“when you fall down, just get up again.” – Lindsey vonn

Sundays I’m usually riddled with anxiety. It’s hard to know that you are ready to spend an entire day “off” just getting ready for the week ahead. Today, I had a lot on my mind so running was not really a choice, it was a necessity. On a day that is full of grocery shopping, laundry, packing lunches, packing snow bags for school, homework, Mass (online), reading, dinner, and many times, work, if I don’t carve in time for myself to run, these things aren’t easily accomplished.

I woke up at 7:45 a.m. to let the dogs out and when I threw open the curtains, there was a fresh snowfall and it was still coming down. I asked “Alexa” what the weather would be like and she said snow through the morning.

Hmmm…do I go to the grocery store first or on my run? I went to change into my running clothes and decided that hitting the grocery store first would be best. But first, the kids wanted breakfast. Bacon, pancakes, and fresh fruit were served before 9:00.

On my way home from the store, there were a few runners out. Jealous. I couldn’t wait to head out. My husband was kind enough to meet me at the door and helped me unpack the groceries. He reminded me that if I don’t head out now, I might not get out. I couldn’t find my running gloves, so I searched around the house, finally locating them in my purse. Why were they in there?  Ugh. Henry told me he wanted a snack. A load of laundry needed to be switched. The last person who used the toilet paper in the upstairs bathroom didn’t replace it. There was a pool of water on the hardwood floor near the front door after the kids came in from playing in the snow. Their winter clothes were all on the floor. I still didn’t eat breakfast. I should try to pee before I leave, but oh shoot, there isn’t toilet paper.

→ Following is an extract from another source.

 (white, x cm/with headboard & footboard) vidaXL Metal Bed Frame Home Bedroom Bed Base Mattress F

“You’d better go,” my husband said to me again.

Things come up. They always, always come up. The jobs here are never done. And even on the days when I prep every meal for the week and think that I’ve folded my last towel or shirt, there is always another one ready to be washed.

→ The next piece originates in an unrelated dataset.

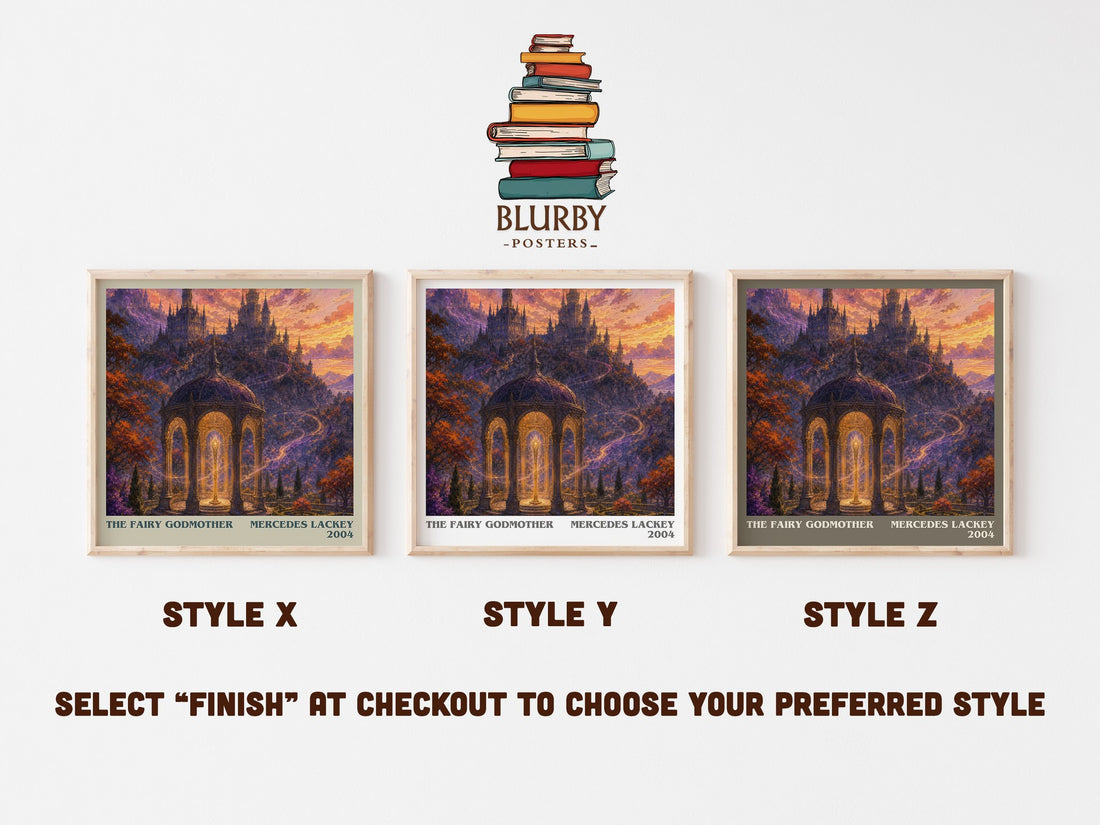 The Fairy Godmother literary print in frame leaning in hallway – fantasy wall art (mockup)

So, I put it all aside and I headed out. The snow on the sidewalk was thick and untouched. It was the perfect snow for running. About a half a mile in, I rounded the corner to make my way to the next block and I slid. It was slight and I was aware enough to catch myself.

Oh, I wish I had my spikes on.

Well, I wasn’t planning on going long. Two miles, maybe. But the further I ran, the better I felt. I shifted from the street, which was only wet, back on to the sidewalks that were plowed. Another quick slip right before I hit mile two. Again, I was able to catch myself. I ran through the park and back into my neighborhood and took a route that would get me to a little over a mile and I would finish at a 5k. By this time, I was running the “snow shuffle” which meant that I didn’t lift my feet off of the ground, I just slid them slightly ahead of me with each step.

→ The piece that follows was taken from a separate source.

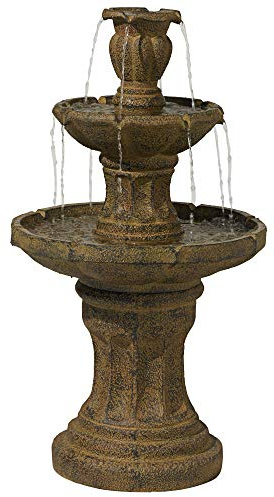 Tuscan Garden 41 1/2 High Large Traditional Italian Indoor Outdoor Decor Dark Faux Stone Floor Fountain Waterfall Tiered Standing Water Feature for Outside Patio Yard Backyard Porch - John Timberland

When I reached my block, I was at 2.94 miles. Runners understand that it’s not quite right to cut it off at the 2.94 mile marker, you have to cut it off at 3.00 miles even (or slightly over, if possible to reach the 5k distance.) I passed my house and went down the block until I reached an even 3.00. When I crossed the street and made my way up a slightly elevated driveaway of a neighbor two houses down from me, I slipped. This time, I went down. I went down on my right knee. I didn’t waste any time rising to my feet and walked to my house. I didn’t feel any pain or blood, so I took this as a good sign that the snow acted like a cushion to break my fall.

I came inside and my knee was fine. Everything was fine. This isn’t the first time I fell on a run and it certainly won’t be my last. I’ve fallen in the winter and I’ve fallen in the summer (more times, actually!)

Lately, I feel like I’ve been falling a lot. Falling or failing…I guess they’re both in the same. Keeping up with what life is requesting of me lately has been like trying to keep my head above water while holding weights in both hands. Something is going to have to drop if I’m going to pull through.

Sometimes you are sent out in the worst of conditions in order to return home with the greatest outcome. Out of all of the lessons in my life, running continues to be the greatest teacher. 

Today’s lesson was to remember that when you fall, you don’t have a choice but to get back up.